Cathy's Blog



Manna from Heaven


 
Julia Connor

My sister has always been a forward thinker. In the 1970s she was all excited about a new and amazingly efficient technology called word processing that employed a keyboard hooked up to a box small enough to sit on the top of your desk. No more carbon paper! Alphabetize in the blink of an eye! “This is going to change everything,” she told me, and she was right, in ways not even she could imagine at the time.

Then came the World Wide Web, another giant leap forward, which not only allowed you to process information but also to share it with the click of a finger. Search engines, e-mail, Facebook, Instagram, crowdsourcing — these new, democratized forms of communication quickly spread around the world. They transcended age-old boundaries, not only geographic but person-to-person — boundaries of age, gender, ethnicity, race, even language. Even powerful institutions can now be circumvented if they fail to meet our needs.

Which is why, after hearing about her friend Julia Connor’s urgent health crisis, my sister immediately headed for her computer. In Julia’s long career as an artist she had worked in a number of media such as painting, drawing, and sculpting, but “poetry has been my ground,” says this former Poet Laureate of Sacramento. “For me, a poem always began in my journal, its genesis arising as much from the movement and play of the hand as from the movement of the mind.” This form of creativity became all but impossible, however, when  Julia began to lose control of small motor movement in her hands. In 2011, she was diagnosed as suffering from full-blown Essential Tremor, the same genetic neurological disorder that afflicted Katherine Hepburn.

Since then, “Not only has my friend lost her artistry, she has lost her income,” my sister says. “She can’t do the little things you and I do every day, like manage a glass of water, and using a computer makes her hands tremble even more.” Then, just last month, Julia told her about a medical breakthrough. The FDA had approved a highly successful, non-invasive procedure for her disorder, but the treatment cost up to $50,000 and Julia’s insurance didn’t cover it. “Julia qualified in every way for the treatment, except financially. That broke my heart.”

But despair didn’t stop my sister from taking action. Just two weeks ago she started a Gofundme campaign that has already raised close to $15,000. Then, just last week, Medicare announced it would cover $10,000 for qualified candidates, and in January Julia will receive a $5,000 grant.
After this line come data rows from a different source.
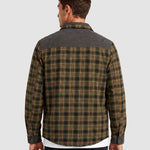 KZZ Men's Plaid Shirt Jacket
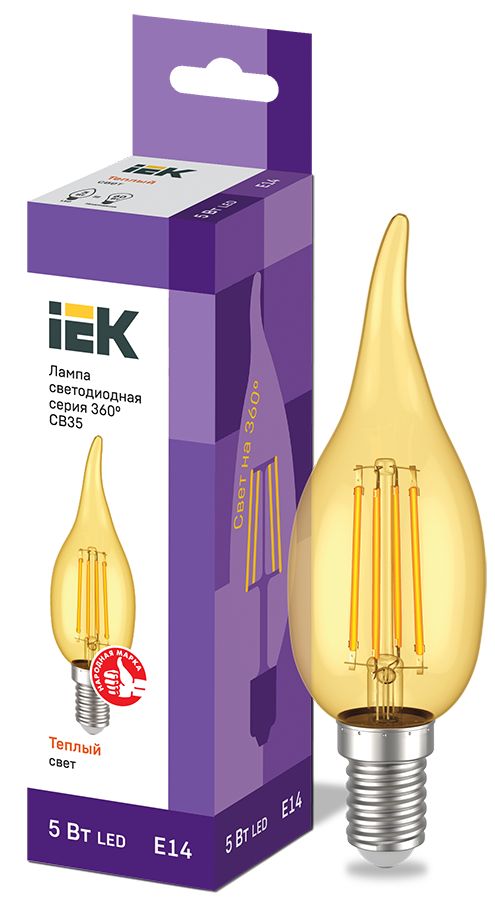 Лампа светодиодная  LLF-CB35-5-230-30-E14-CLG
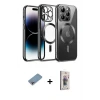 ieg™ iPhone 13 Pro Max Kılıf Nova Işık Özel Seri - Siyah Bilvis 3D Cam Ekran Koruyucu + Shine Kamera Lens Koruma Cam - GI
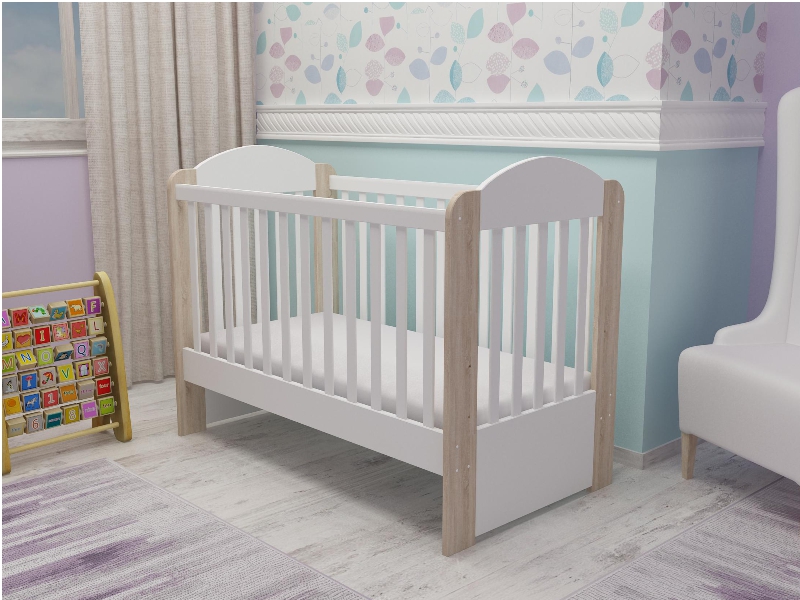 Pătuț Mykids Olivia Alb-Natur, 3 niveluri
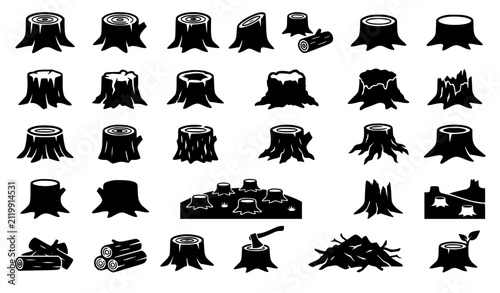 Quadro su tela Tree Stump Black Vector Icon Collection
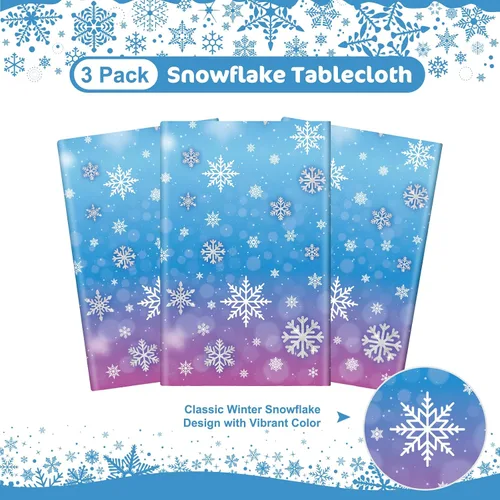 Vista 4 de 3 manteles de invierno con copos de nieve – Mantel de plástico de Frozen Wonderland desechable, rectangular, copos de nieve para suministros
All this, in less than a month.

“Whether moved by the terror of life or the beauty of life, one is summoned to respond,” Julia writes on her website, juliaconnor.com. “This is my fundamental understanding of love and it is what lures me to create, whatever the medium.” The beauty of the internet is that it reaches people who are responsive to that fundamental understanding, and it connects them, whether they have the means to contribute or the desire to share the information with people who do. That’s when crowdsourcing can be like the biblical manna from heaven — many gifts, large and small, raining down from an as yet unknown source, providing the means for a creator of beauty to regain her steady hands. Likeminded people coming together can do amazing things.